É inequívoco que existe um desequilíbrio entre a oferta e a procura de habitação em Lisboa. Faltam habitações com preços comportáveis para famílias com rendimentos médios, faltam habitações de cariz social, faltam habitações para alugar e faltam habitações para estudantes.
A especulação imobiliária que tem estado na ordem do dia resulta, sobretudo, do desequilíbrio entre a oferta e a procura. Trata-se de um fenómeno recente e, talvez por isso, os mecanismos para assegurar a justiça fiscal perante a dita especulação possam não estar ajustados a esta nova realidade. Importa, neste contexto, distinguir uma venda ocasional de um particular da obtenção de mais-valias por parte de empresas e fundos imobiliários que se dedicam a esta atividade. No entanto, importa ter presente que a especulação imobiliária deve ser combatida, sobretudo, através do aumento da oferta.
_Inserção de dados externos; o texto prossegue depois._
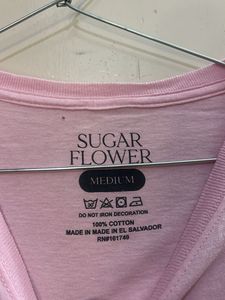 Sugar Flower Pink Baddie Graphic Tee M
O Estado e as autarquias podem e devem ter um papel essencial no reequilíbrio do mercado ajustando a fiscalidade, criando programas de oferta de habitação pública para arrendar, disponibilizando alojamentos para estudantes, utilizando os imóveis públicos em programas de habitação, mantendo o parque habitacional público em condições de ser utilizado ou não contribuindo para a especulação imobiliária com os imóveis de que dispõe.
A oferta de habitação para arrendamento começou por ser dinamizada pela reforma do arrendamento urbano e dos instrumentos para a reabilitação urbana em 2012, embora com alguns aspetos que deveriam ter sido corrigidos (nomeadamente quanto à proteção dos mais idosos e do comércio tradicional), coincidiu com o aumento da procura de habitação para aluguer de curta duração (alojamento local) que prejudicou a sua eficácia. Tal fenómeno deve ser ajustado com incentivos fiscais ao arrendamento de longa duração de modo a aumentar a respetiva oferta, bem como com a criação de um seguro de renda que promova maior segurança para os proprietários. Lamentavelmente, o atual Governo, que tanto criticou a reforma anterior, ainda não tomou nenhuma medida de incentivo ao arrendamento.
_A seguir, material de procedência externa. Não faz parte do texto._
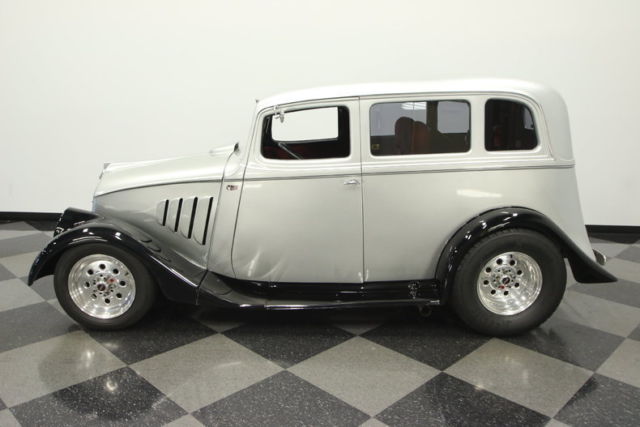 1933 Willys 2 Door Sedan - photo 2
A cidade de Lisboa tem uma situação particular de carência de habitação. Mas a autarquia dispõe de um parque habitacional e de património em que devia investir em vez de alienar e que há muito deveria ter colocado no mercado de arrendamento, seja através da reabilitação de edifícios dispersos pela cidade em mau estado, seja com a utilização de fogos devolutos em bairros municipais. São milhares de fogos do município que deveriam estar disponíveis em programas públicos de habitação.
Existem também alguns milhares de fogos de particulares que estão devolutos. Quanto a estes, importa criar mecanismos eficazes de promoção da sua utilização. O agravamento do IMI aplicável nestes casos não se tem mostrado eficaz e importa aperfeiçoar este mecanismo.
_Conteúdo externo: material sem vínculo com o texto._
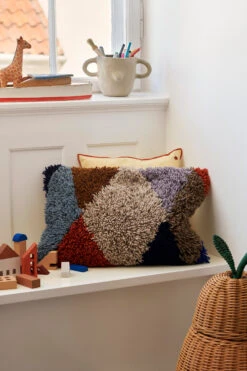 Ferm LIVING Harlequin Kussen 40x60 Cm 6 Ferm LIVING Harlequin Kussen 40x60 Cm -Home Textielwinkel 570384 01 40 EnvironmentImage 414d7e0c52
A cidade de Lisboa tem a particularidade de concentrar um património imobiliário do Estado considerável, muito do qual em mau estado, devoluto, ou em vias de ser alienado. Importa que o Governo se comprometa com este património na resolução do problema da oferta de habitação, disponibilizando-o para programas públicos de habitação para arrendar.
O problema da habitação em Lisboa é um problema sério e deve merecer o empenho do Estado e da autarquia com mais concretização e menos promessas e um compromisso político que ultrapasse posições dogmáticas ou acusações cruzadas.